Sacher studied under Felix Weingartner, among others. In 1926 he founded the chamber orchestra Basler Kammerorchester, which specialized in both modern (twentieth-century) and pre-classical (mid-eighteenth-century) repertory. In 1928 he founded the Basel Chamber Choir. Both the orchestra and choir gave their last performance in 1987.[1] In 1984, the Serenata Basel was formed, with no direct connection to Sacher. They later adopted the name Kammerorchester Basel. He also founded the Collegium Musicum Zürich in 1941 with Walter Schulthess and Stefi Geyer which he conducted until its disbandment in 1992.[2]>[3]

Commissions

Immensely wealthy, Sacher commissioned works from many well-known composers, including:

Pierre Boulez wrote his Grawemeyer Award-winning work Sur Incises for Sacher's 90th birthday. Boulez bequeathed his entire catalogue (including drafts) to the Paul Sacher Foundation. Henze dedicated his Tenth Symphony to Sacher's memory, who had commissioned it but died before its completion.

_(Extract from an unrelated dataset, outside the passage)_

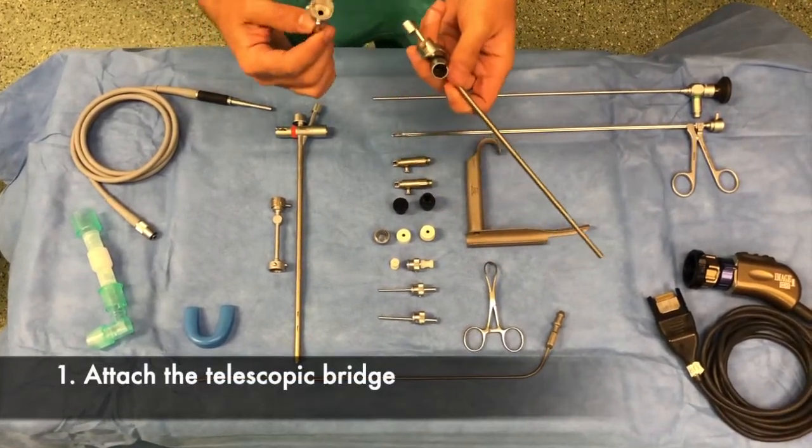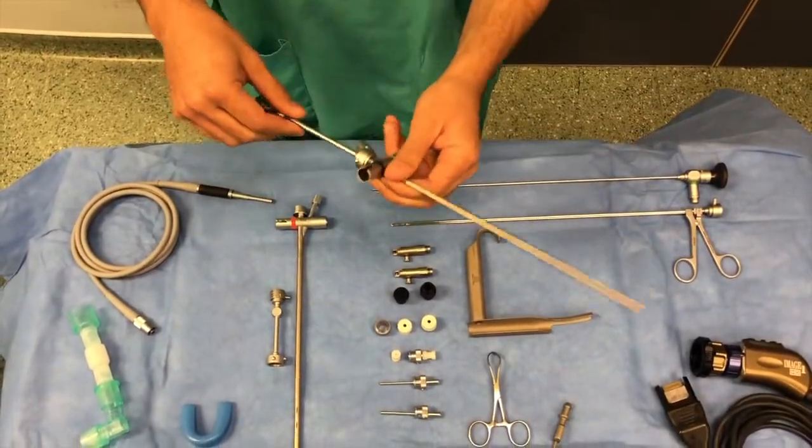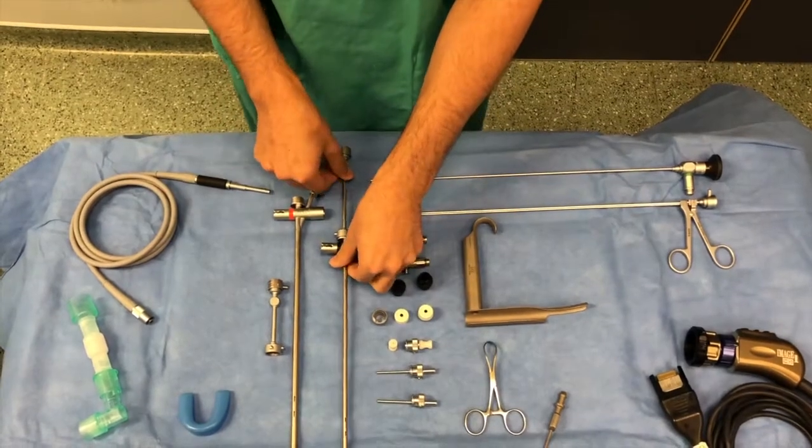The first step in assembling the bronchoscope is to attach the telescopic bridge. It is aligned and pushed and clicked into place. The bridge should not move.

In 1983, Sacher acquired the Stravinsky estate.[2] The Paul Sacher Stiftung (Foundation) is located in the centre of Basel (in Münsterplatz) and houses one of the world's most important musical-manuscript collections. Sacher bought most of these manuscripts himself, and they include complete collections by several important twentieth-century composers (including Lutosławski, Ligeti and Boulez). In 1997, he received an honorary doctorate from the Academy of Music in Kraków.[4]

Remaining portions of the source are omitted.